To craft meaningful design, the HERE team begins by considering the needs of real people. “We can’t get arrogant about what we think people want. We need to observe, prototype and test our ideas directly.”
“Location is such a personal thing. If you ask ‘Where am I?’, ‘How do I get to..?’, or ‘Where’s the nearest..?’ it’s all depends on something that’s physical and mostly just relevant to you – where you are, your geographical location in the world, but perhaps more importantly: the places that are meaningful to your circle of friends. This is very different than a search engine optimized approach that is impersonal. This distinction is a key to our strategy.”
“HERE will increasingly provide the right map at the moment you need it – updating you on changing traffic conditions, suggesting a new restaurant close by, presenting a contextually relevant map and making it easy to coordinate with family and friends.
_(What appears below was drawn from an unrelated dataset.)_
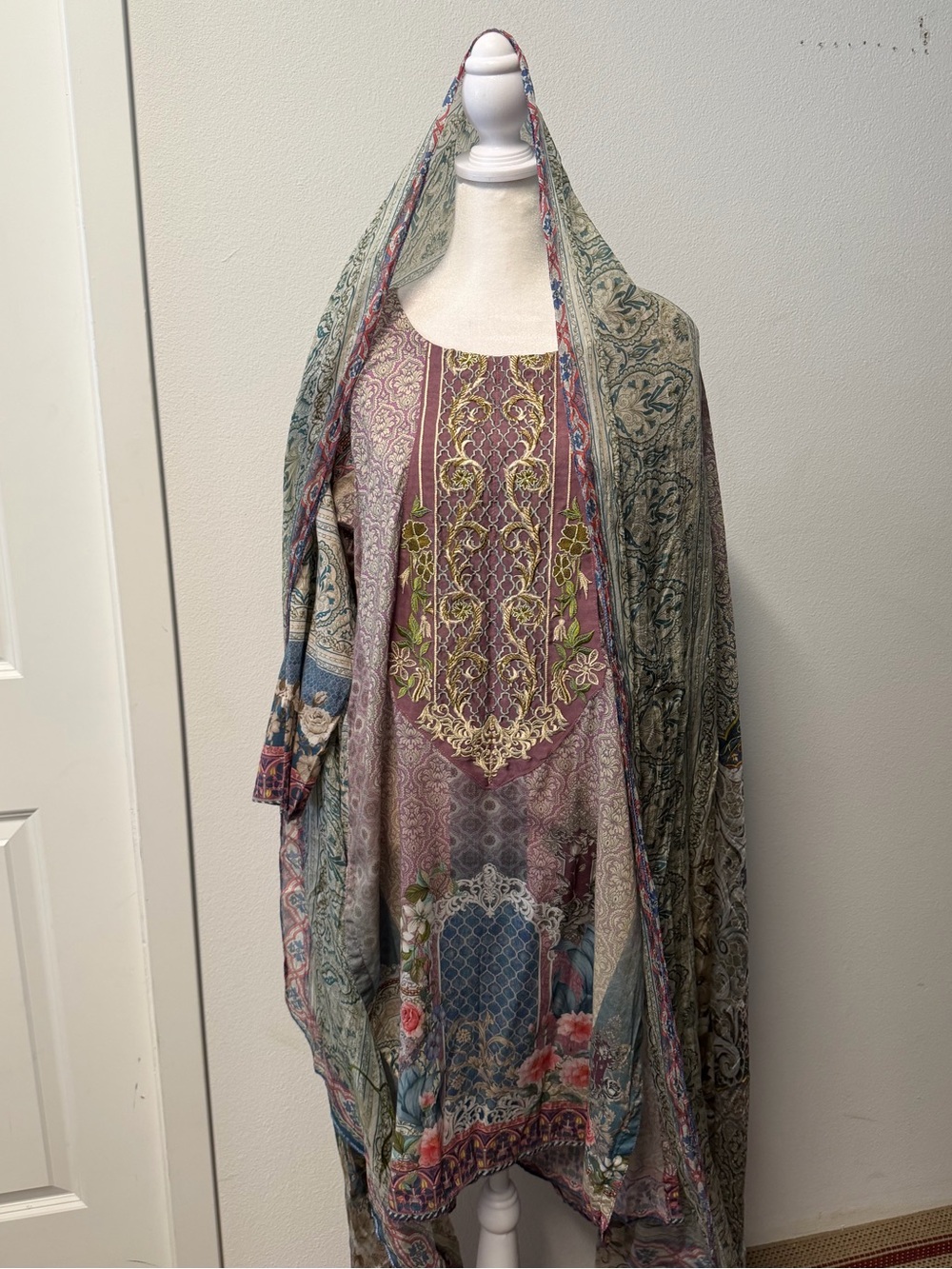 Pakistani Pale Purple Floral Embroidered Lawn Kameez Dupatta 2 Piece Summer Suit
“That sort of deep personalization – learning about your behaviour and patterns – requires a massive amount of data crunching and predictive analytics in the background. Despite the back end complexity, the user experience needs to feel seamless and simple,” says Peter. “It’s difficult to simplify something but also make a contextually intelligent and relevant service. All the hard work goes on behind the scenes and you only see the information that’s relevant to you.”
That’s true whatever the device and whatever the operating system.
“We’re bringing HERE to new platforms, such as Nokia Lumia 2520, to give people the same features and experience but on a larger scale. No matter how big or small your world is, you can find contextually relevant maps and information no matter where you are, even offline,” Peter says.
Where does Peter see HERE and location services in the future?
“In general, I think the smartphone is going to become less of a hub and instead there will be lots of smaller devices that all interact seamlessly with each other via the cloud. Location as a platform will be distributed into the Internet of things.
“As people integrate devices into more aspects of their lives, location services will continue to become even more personal and social, while mapping technology will advance to be even more accessible.
“This requires we create an actual model of the real world, so that when you ask the question of where, you can see where you are accessing an accurate 3D representation of the world with fully clickable elements that can be explored more deeply. This allows you to navigate with what you see around you as opposed to just relying on street names. This is natural guidance…and I think that’s pretty cool!”